Extracted data entries:
=== Section Start ===

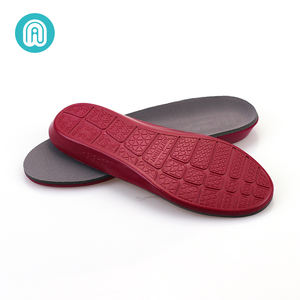 Soutien de la voûte plantaire haute Massage des pieds durs Semelles orthopédiques sévères Semelle intérieure de chaussure de travail robuste - Product Image 1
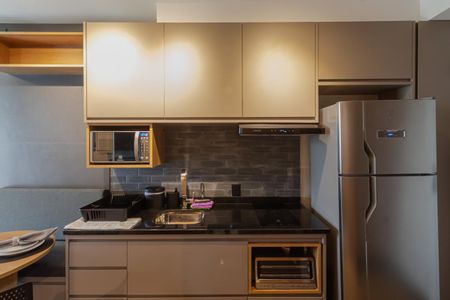 Studio à venda com 29m², 1 quarto e sem vagaStudio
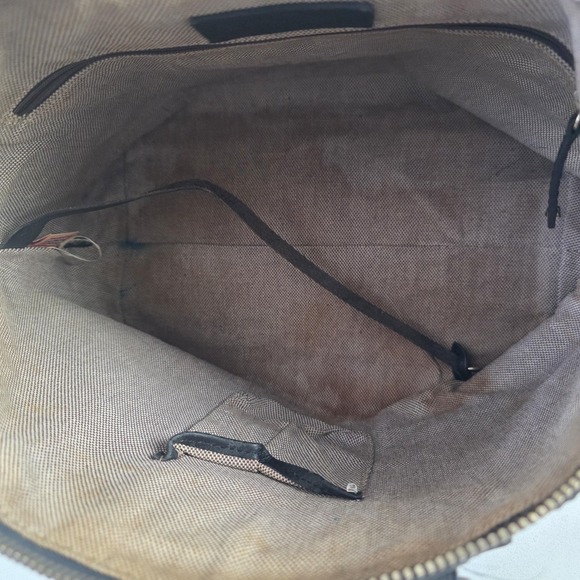 Dooney & Bourke Florentine Satchel Bag Womens Medium Black Leather Zip Top Purse - Picture 14 of 16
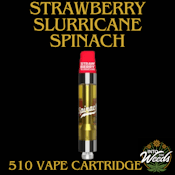 Strawberry Slurricane 510 Thread Cartridge - 1.2g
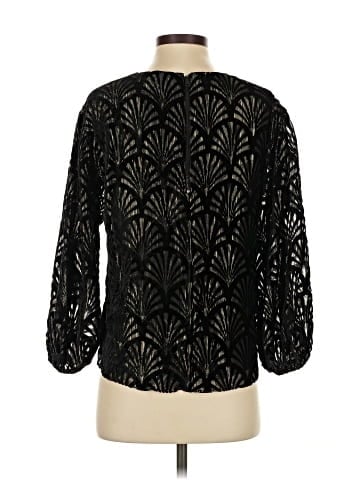 Alice + Olivia 3/4 Sleeve Blouse (view 2)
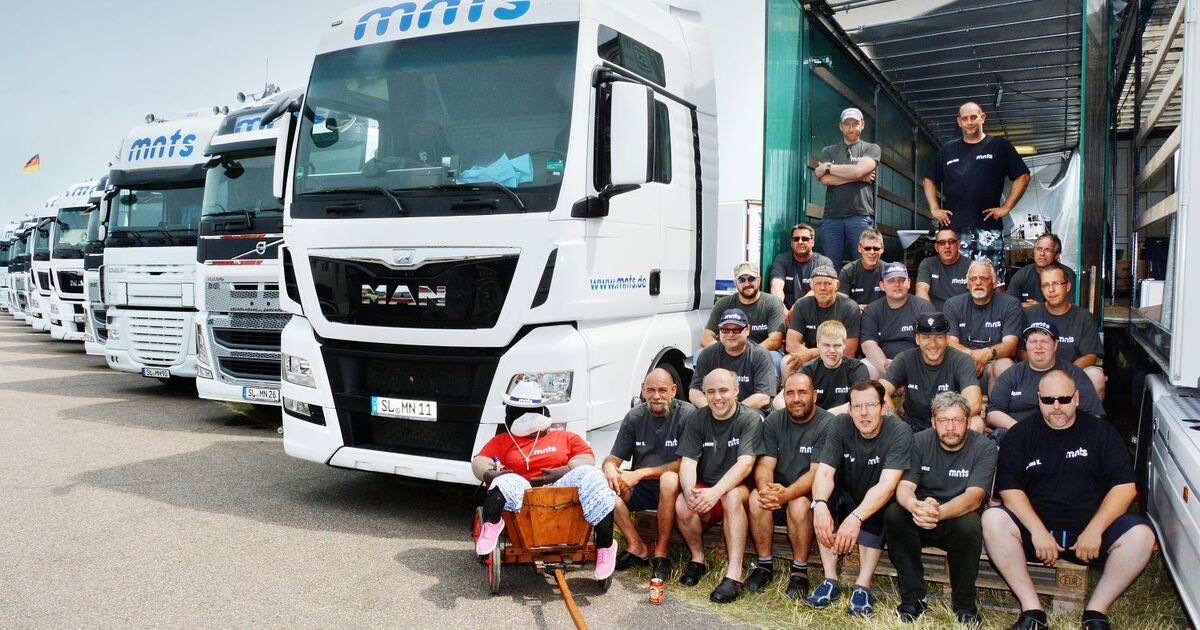 Spedition Mnts Aus Harrislee Padborg Uber Die Grenze Eurotransport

=== Section End ===

> EXERCISE PROMPT: Repeat, exactly and in full, each line from the start of the data to the line that contains "Studio à venda". Pictures do not go in.

> WORKED SOLUTION:
 Soutien de la voûte plantaire haute Massage des pieds durs Semelles orthopédiques sévères Semelle intérieure de chaussure de travail robuste - Product Image 1
 Studio à venda com 29m², 1 quarto e sem vagaStudio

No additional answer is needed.